● **Input data**

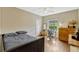 Comfortable bedroom featuring modern furnishings and a dedicated workspace area at 213 N Monterey Isle, Longwood, FL 32779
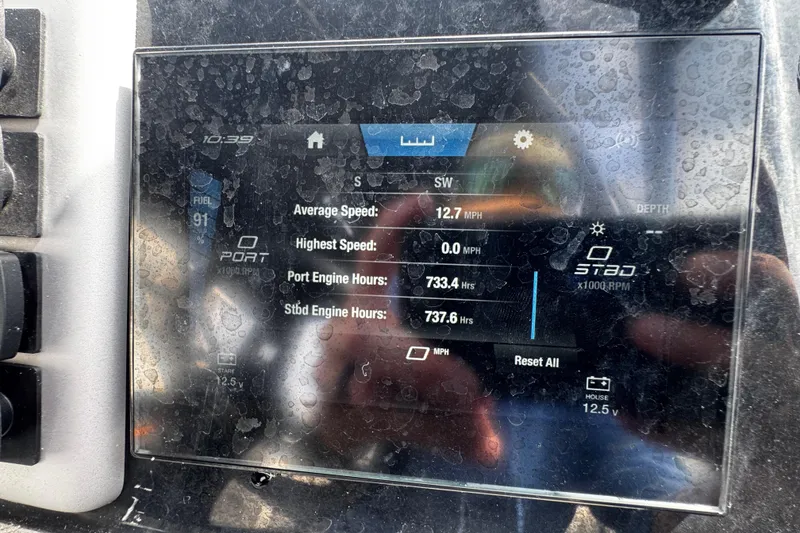 Slide: The Image of Dashboard of a 2023 Yamaha Boats AR220 showing engine hours and speed metrics. - 12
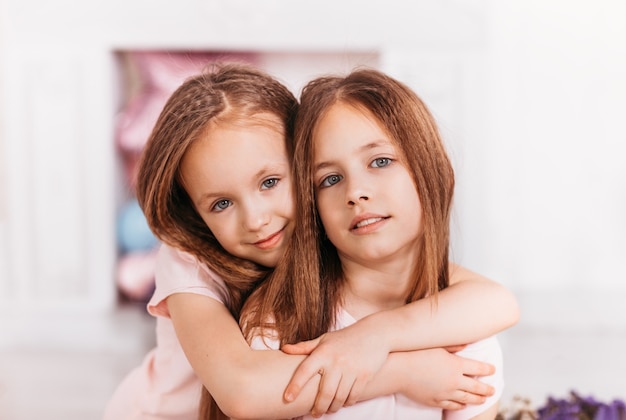 Duas lindas irmãs se abraçam em uma sala iluminada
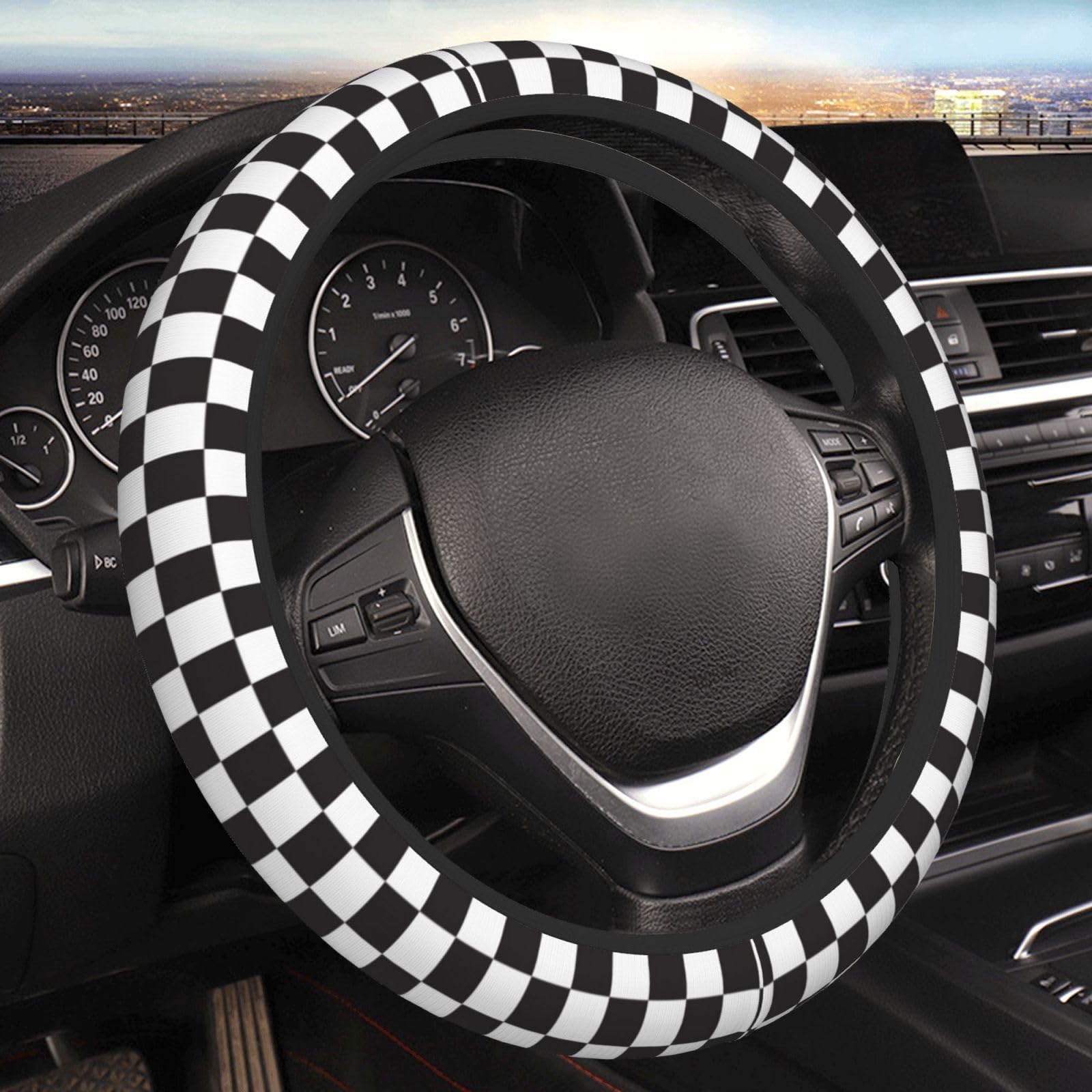 Olemier checkered steering wheel cover being installed for quick protection.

● **Work request**
Repeat each line of the material exactly, and drop any image it carries.

● **Solved problem**
 Comfortable bedroom featuring modern furnishings and a dedicated workspace area at 213 N Monterey Isle, Longwood, FL 32779
 Slide: The Image of Dashboard of a 2023 Yamaha Boats AR220 showing engine hours and speed metrics. - 12
 Duas lindas irmãs se abraçam em uma sala iluminada
 Olemier checkered steering wheel cover being installed for quick protection.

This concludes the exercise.